**PROBLEM REQUIREMENTS:** Exclude images, then output the remaining data verbatim.

**RECORDED INFORMATION:**
=======
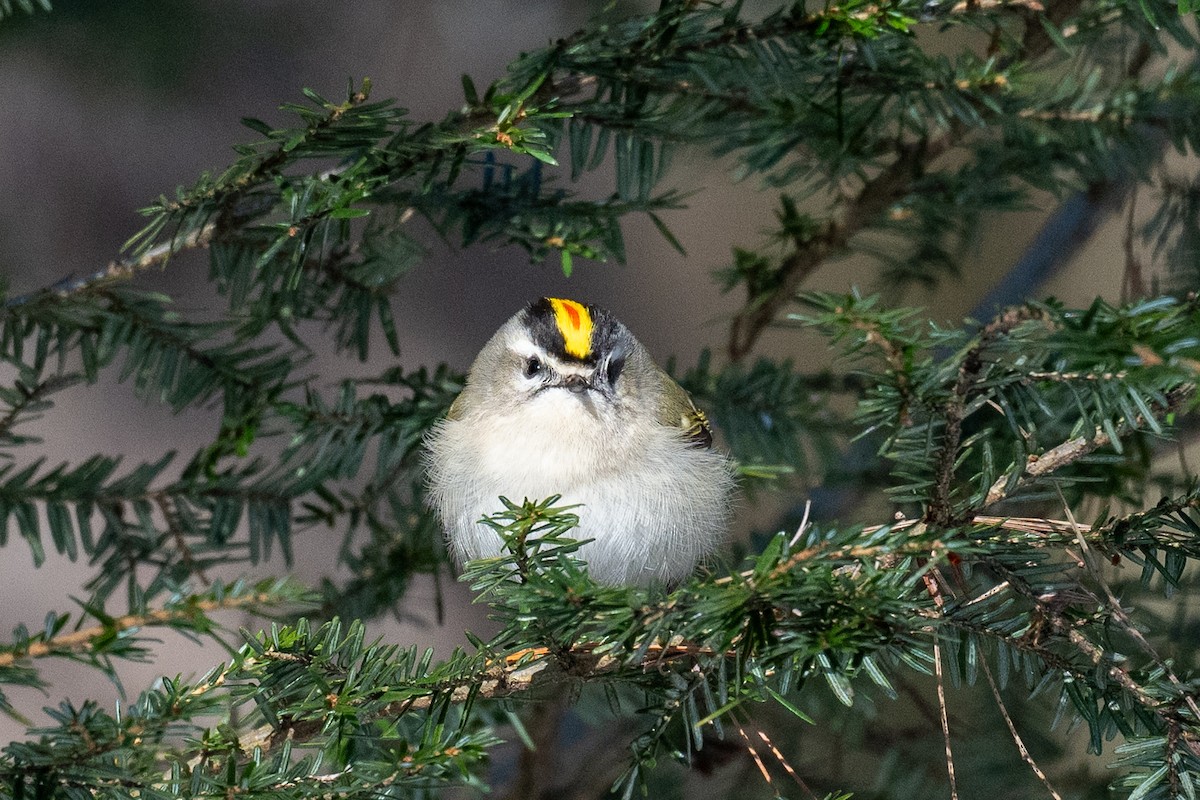 Golden-crowned Kinglet - ML615098731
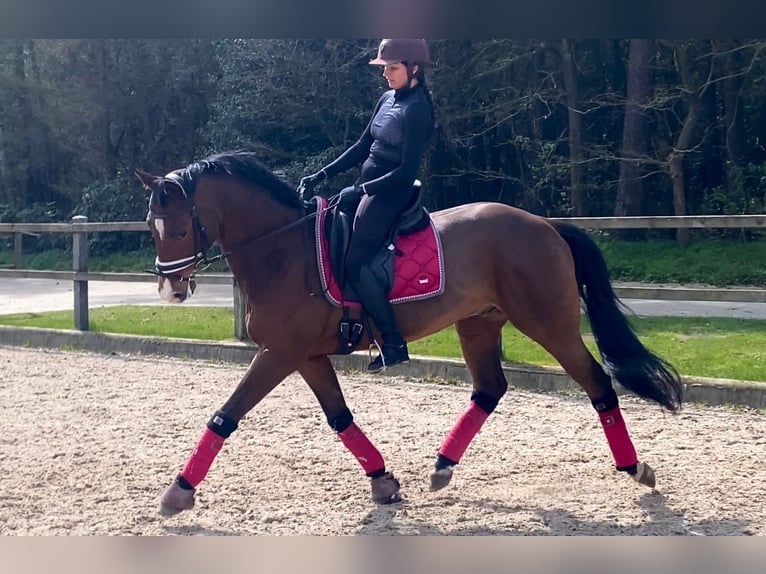 Ucraniano Caballo castrado 9 años 164 cm Castaño in Löningen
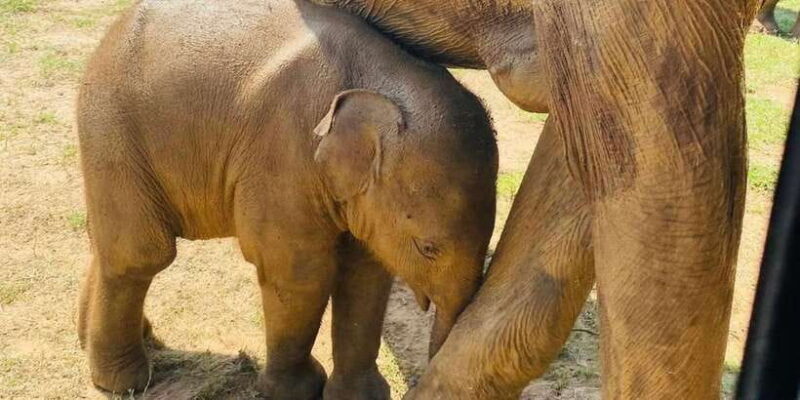 Udawalawe National Park: Safari with Experienced Driver - How This Tour Compares to Others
=======
**RESULT OF THE TASK:**
 Golden-crowned Kinglet - ML615098731
 Ucraniano Caballo castrado 9 años 164 cm Castaño in Löningen
 Udawalawe National Park: Safari with Experienced Driver - How This Tour Compares to Others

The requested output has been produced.